Apart from the United States, members were, less than more, anti-Marxist. Since then, NATO has expanded to 26 members, including Germany, Spain and much of the former Soviet Union.
After the fall of communism, many states formerly controlled by Moscow sought to join NATO and it became more of an economic, social, police and military training organization than a defensive martial alliance.
President George W. Bush has given the alliance a new lease on life -- troops went to Afghanistan and Darfur, a U.S. missile shield was planned against rogue nuclear weapons (possibly from Iran), and drug-, weapon- and people-smuggling were high on the list of issues to be tackled.
Much of what NATO does is secret ; it must be since it holds all of the military strategy and tactics of the Pentagon and our 25 allies. But this belief fell apart this month when Estonia, the tiny country on the Baltic Sea with just more than a million people, announced that two top government officials, a husband and wife team, had betrayed NATO's most intimate secrets to Russia.
And this major espionage scandal is top secret in Europe.
If NATO were considered successful under President Bush, the other shoe has since dropped and its darkest side is now visible in Estonia. Within NATO, when it comes to accessing secrets, small countries are treated exactly the same as the great powers.
The result : Russia, which always rejected NATO, has found that a detour through Estonia was the perfect way to stab into the heart of NATO.

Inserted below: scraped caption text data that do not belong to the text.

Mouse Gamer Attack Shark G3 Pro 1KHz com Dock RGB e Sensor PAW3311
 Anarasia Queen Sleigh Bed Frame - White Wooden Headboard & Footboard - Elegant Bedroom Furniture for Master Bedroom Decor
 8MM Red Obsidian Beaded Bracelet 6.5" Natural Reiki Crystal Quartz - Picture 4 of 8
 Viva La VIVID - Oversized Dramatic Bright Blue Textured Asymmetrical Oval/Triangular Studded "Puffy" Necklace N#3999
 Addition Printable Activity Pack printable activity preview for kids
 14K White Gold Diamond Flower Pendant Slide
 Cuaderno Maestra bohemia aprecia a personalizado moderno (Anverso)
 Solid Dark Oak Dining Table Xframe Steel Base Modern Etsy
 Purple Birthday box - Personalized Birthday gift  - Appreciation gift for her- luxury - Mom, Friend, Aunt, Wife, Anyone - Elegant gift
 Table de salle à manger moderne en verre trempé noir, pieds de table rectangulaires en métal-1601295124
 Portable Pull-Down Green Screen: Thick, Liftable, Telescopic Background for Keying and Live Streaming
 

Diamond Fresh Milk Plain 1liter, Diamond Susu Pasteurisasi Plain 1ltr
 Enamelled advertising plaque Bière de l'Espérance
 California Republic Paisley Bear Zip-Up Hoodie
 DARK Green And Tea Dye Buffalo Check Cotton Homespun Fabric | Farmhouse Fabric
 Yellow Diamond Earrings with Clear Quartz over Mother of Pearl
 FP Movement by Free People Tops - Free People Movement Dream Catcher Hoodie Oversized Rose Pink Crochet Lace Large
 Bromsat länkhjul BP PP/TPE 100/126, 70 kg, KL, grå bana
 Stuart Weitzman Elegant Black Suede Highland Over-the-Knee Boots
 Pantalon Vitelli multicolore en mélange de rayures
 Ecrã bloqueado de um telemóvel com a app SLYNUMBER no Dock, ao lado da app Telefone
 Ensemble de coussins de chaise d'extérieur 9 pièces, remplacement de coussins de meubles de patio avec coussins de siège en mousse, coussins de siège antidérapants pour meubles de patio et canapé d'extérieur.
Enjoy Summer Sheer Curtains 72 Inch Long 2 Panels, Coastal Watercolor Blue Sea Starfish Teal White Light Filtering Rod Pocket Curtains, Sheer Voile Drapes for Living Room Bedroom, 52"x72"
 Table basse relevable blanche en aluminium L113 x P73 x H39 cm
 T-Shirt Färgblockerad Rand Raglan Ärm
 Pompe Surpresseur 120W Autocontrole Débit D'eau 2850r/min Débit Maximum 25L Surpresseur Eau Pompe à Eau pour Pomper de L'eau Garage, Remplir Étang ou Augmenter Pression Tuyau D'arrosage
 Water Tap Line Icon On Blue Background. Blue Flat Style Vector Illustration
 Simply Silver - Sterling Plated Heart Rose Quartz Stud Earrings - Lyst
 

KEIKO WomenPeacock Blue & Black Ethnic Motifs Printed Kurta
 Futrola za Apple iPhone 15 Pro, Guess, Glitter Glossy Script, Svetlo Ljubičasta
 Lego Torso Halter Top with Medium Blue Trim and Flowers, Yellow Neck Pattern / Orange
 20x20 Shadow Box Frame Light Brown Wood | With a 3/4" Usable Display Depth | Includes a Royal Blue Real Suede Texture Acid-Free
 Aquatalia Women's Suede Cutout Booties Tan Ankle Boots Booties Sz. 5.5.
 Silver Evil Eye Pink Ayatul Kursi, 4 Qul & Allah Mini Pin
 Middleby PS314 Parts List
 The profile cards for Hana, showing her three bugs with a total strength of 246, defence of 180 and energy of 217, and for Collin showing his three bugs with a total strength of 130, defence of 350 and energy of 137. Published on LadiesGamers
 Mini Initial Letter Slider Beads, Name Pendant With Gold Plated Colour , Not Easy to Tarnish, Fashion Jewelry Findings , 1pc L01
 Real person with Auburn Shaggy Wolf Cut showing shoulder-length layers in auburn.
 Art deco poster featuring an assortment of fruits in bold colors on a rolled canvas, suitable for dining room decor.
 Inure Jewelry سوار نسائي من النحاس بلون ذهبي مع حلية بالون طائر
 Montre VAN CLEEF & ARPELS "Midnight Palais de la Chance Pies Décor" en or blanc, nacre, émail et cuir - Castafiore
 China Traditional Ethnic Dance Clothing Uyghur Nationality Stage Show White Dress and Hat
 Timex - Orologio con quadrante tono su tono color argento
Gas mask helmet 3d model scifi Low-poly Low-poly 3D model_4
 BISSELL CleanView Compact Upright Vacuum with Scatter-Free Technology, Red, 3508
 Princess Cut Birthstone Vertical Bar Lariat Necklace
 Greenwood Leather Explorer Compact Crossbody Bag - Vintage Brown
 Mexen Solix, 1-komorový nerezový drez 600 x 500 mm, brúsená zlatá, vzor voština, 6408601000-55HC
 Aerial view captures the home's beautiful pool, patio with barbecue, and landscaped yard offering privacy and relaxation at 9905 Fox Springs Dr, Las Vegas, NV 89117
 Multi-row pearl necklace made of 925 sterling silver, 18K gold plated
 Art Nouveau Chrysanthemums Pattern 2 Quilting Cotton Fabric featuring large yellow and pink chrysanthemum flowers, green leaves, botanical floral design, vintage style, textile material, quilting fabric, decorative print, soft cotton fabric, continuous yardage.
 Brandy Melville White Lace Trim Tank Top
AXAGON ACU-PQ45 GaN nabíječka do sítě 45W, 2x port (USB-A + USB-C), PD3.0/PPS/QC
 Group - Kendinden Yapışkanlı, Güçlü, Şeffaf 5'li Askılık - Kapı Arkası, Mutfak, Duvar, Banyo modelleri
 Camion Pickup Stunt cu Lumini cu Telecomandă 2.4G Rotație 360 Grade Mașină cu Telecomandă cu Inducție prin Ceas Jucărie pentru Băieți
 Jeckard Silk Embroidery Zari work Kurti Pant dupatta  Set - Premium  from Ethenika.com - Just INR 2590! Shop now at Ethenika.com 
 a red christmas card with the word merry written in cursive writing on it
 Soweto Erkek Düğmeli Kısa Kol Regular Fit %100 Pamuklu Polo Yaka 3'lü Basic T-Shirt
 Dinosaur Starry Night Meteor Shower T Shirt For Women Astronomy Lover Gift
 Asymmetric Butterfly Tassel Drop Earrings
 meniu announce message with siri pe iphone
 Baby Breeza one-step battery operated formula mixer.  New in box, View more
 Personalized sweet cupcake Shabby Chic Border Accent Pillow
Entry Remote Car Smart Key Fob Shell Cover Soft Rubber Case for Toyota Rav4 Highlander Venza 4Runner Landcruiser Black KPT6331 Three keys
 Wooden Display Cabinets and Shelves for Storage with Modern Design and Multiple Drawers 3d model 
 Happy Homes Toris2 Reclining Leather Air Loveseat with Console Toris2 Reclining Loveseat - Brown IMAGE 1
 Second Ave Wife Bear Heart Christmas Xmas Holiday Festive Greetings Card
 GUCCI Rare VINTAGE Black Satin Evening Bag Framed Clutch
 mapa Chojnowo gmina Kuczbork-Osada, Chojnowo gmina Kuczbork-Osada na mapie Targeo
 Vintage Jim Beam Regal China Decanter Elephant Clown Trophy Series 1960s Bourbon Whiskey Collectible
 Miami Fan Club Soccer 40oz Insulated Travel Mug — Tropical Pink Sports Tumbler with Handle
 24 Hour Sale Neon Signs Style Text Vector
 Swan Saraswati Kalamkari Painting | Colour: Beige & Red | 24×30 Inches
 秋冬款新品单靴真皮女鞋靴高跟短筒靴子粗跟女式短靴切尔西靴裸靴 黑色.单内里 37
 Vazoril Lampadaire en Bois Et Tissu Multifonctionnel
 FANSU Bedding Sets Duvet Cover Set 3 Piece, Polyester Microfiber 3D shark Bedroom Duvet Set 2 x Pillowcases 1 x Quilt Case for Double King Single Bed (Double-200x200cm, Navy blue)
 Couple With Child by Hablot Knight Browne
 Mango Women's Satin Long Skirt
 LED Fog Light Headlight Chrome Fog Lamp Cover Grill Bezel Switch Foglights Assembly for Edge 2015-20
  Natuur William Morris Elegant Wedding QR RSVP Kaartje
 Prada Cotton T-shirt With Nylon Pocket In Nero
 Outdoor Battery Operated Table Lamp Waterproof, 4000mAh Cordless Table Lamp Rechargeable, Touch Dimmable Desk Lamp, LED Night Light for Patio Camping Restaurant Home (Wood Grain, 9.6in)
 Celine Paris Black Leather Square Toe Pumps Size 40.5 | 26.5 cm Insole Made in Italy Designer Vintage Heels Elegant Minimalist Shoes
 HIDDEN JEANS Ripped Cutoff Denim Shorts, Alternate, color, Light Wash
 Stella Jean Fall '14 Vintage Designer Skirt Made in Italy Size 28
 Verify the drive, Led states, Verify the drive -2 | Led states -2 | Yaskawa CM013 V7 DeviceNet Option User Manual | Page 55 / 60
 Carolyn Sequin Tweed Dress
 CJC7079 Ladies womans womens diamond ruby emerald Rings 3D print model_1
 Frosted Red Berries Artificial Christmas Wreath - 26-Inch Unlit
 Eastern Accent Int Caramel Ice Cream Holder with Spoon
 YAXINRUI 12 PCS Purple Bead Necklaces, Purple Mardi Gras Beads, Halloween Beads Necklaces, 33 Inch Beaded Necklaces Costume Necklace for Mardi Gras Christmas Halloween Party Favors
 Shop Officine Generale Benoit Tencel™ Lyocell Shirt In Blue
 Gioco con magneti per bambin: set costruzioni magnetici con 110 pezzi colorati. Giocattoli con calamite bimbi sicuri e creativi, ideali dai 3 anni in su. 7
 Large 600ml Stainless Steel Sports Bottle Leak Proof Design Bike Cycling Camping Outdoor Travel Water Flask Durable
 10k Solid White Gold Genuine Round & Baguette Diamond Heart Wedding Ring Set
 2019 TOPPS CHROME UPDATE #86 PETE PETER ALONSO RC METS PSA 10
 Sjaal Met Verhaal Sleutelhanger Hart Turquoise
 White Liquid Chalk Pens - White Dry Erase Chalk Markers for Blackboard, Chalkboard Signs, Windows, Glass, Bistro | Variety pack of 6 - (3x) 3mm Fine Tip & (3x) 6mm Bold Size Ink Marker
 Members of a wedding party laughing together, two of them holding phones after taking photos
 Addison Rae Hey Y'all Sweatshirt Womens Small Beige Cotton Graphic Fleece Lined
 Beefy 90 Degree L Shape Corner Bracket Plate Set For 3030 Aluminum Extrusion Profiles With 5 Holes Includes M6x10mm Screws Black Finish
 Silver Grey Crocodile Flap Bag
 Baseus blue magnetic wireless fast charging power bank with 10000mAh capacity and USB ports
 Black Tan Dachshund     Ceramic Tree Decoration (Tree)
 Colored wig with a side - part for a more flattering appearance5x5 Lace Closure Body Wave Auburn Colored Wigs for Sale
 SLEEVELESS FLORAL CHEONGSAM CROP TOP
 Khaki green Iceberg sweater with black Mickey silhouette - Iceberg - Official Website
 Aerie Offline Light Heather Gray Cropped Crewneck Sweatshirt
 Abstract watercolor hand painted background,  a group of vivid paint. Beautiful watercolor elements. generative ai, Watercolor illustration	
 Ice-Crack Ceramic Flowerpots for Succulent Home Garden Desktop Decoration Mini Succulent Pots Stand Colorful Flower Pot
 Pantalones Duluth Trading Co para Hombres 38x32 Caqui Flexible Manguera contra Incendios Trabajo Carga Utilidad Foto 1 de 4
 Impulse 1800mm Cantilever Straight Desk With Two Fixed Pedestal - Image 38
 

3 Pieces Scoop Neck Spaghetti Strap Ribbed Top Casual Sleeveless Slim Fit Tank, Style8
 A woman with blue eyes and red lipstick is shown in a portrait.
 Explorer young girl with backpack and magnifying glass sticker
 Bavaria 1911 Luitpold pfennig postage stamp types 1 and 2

With the help of a top-ranking husband and wife team of idealists, Herman and Heete Simm, Russia was a winner. And it is possible that every other enemy of the United States obtained all the active military information it needed.
Herman Simm, 61, was Estonia's equivalent to another nation's head of countersecurity and its liaison with NATO counter-and-ongoing positive intelligence. His wife, Heete, is a lawyer and was the top-ranking female police officer in the country until they both were arrested.
The Simm operation may have begun during the past five years or already may have been well established in the early 1990s, during Russia's Boris Yeltsin regime. The relationship developed as if the Cold War had never been lost by Moscow. According to investigators, Herman Simm used an altered radio, which looked like a relic of yesteryear, to exchange intelligence with his Russian contact.
The graying and debonair Simm used this antique for years to transfer up-to-date information to Moscow. The data sent were believed to include details of the controversial missile-defense shield on Russia's borders, European planning on the defense of Kosovo, Russia's war with Georgia, weapons shipments and troop movements to Afghanistan, NATO ship movements in the Baltic Sea and plans to counter cyber-warfare. A top government official described the leaks as a "catastrophe."
Prior to his arrest, Herman Simm held various high, well-paid positions at the Interior and Defense ministries and on the Police Board, including as its director-general, a post comparable to the office of national chief of police. As head of the Security Department, Simm was tasked with coordinating the protection of state and NATO secrets.
At the time of his arrest, the public prosecutor sequestered all Simm family assets, as well as seven properties, including farmland, a beautifully renovated farmhouse, an apartment in the capital and a villa by the sea.
Between 2001 and 2006, Simm regularly traveled abroad to negotiate agreements on the protection of classified information with NATO and EU member countries. Simm, who traveled on a diplomatic laissez-passer, also participated in the development of intelligence security with NATO and the European Union, where he invited other states to check their security systems with him.
In November 2006, Herman Simm resigned as head of the state secret protection department but continued to work as adviser to the minister of Defense, retaining access to classified information.
There is speculation that Heete Simm may have been his "controller." For now, several teams of investigators from the EU and NATO have flown to Tallinn to evaluate the scope of this intelligence fiasco.
Currently, Herman Simm is talking to Estonian and NATO security officials but refuses to make any comment to the media or the courts as to his actions.
For NATO, it is now important above all "to decipher the handwriting of the Russians," as is said in Brussels, or "how far to walk back the cat," as other counterintelligence officers might say.
Regardless, the case will lead to far-reaching consequences for our newly elected president. Can we trust and, even more important, can we afford the NATO alliance?
In 2009, do we need NATO ? After all, as one top intelligence official in Washington said, "It must be assumed that the Russian intelligence service still has a few more Simms in the alliance."